JOSÉ LORENZO | Redactor jefe de Vida Nueva
No les resulta creíble. Algunos reputados analistas políticos le buscan las costuras al papa Francisco. Dicen que es un electrodoméstico multiuso en la escena internacional, con una sobreexposición mediática y “afán por meter el dedo en todos los pucheros”. Vamos, algo así como si a Bergoglio lo que realmente le gustase es figurar, el postureo que se dice ahora… Bueno, algo se ha avanzado en el análisis, pues ya no todo se reduce a glosar este o aquel atuendo pontificio ni a medir los centímetros de puntillas del alba para acabar deduciendo que volver al latín es cosa de tres tiempos litúrgicos.
La revista Forbes dice que Francisco es uno de los cuatro hombres más poderosos del mundo. Siendo meritorio, no es un dato para poner en una tarjeta de visita. Nadie le discute el poder en Corea del Norte al joven Kim Jong-un, aunque no todos le respetan. Algo similar pasa si uno ha sido gerente del todopoderoso FMI… Sin embargo, la talla moral del Papa crece muy por encima de cualquier otro líder mundial, claramente sobredimensionado hoy el concepto de estadista. Tal vez sea esta orfandad en tiempos de volatilidad lo que ha llevado a Francisco a pringarse con cuestiones que, a pesar de su enjundia, no despiertan conciencias.
Así, ha metido el dedo en el puchero del medio ambiente para remover el caldo gordo que las grandes potencias están haciendo a costa de la salud del planeta, con gobiernos que ni siquiera se sonrojan cuando compran cuotas para poder seguir contaminando o explotando los recursos de los países pobres. También ha removido en la marmita de la inmigración para meter directamente el cucharón en el ojo de la “envejecida” Europa y pedirle que vuelva a ser “referencia de humanidad”.

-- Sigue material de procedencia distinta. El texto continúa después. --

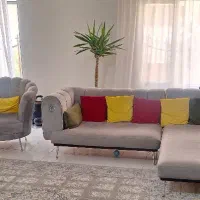 یک مبل ال پنج نفره به همراه دو عدد مبل تک نفره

Y se ha atrevido a echar agua fría en la olla a presión de Oriente Medio (ahí están las amenazas yihadistas) para reclamar cordura, invitar a las religiones a desactivar fanatismos medievales y denunciar con ardor y dolor la mayor persecución de nuestros días: la de cristianos. Ah, y está la cacerolada que ha despertado la memoria genocida de Turquía, que le costó un “erdoganazo”, algo que entre estadistas solía resolverse con un envío de tropas a la frontera.
Solo cabe aquí este puñado de marrones sobre los que la comunidad internacional pasa de puntillas mientras él insiste en meter el dedo. Ojalá ese dedo marcase un camino para el mundo, pero hoy solo certifica su absoluta soledad.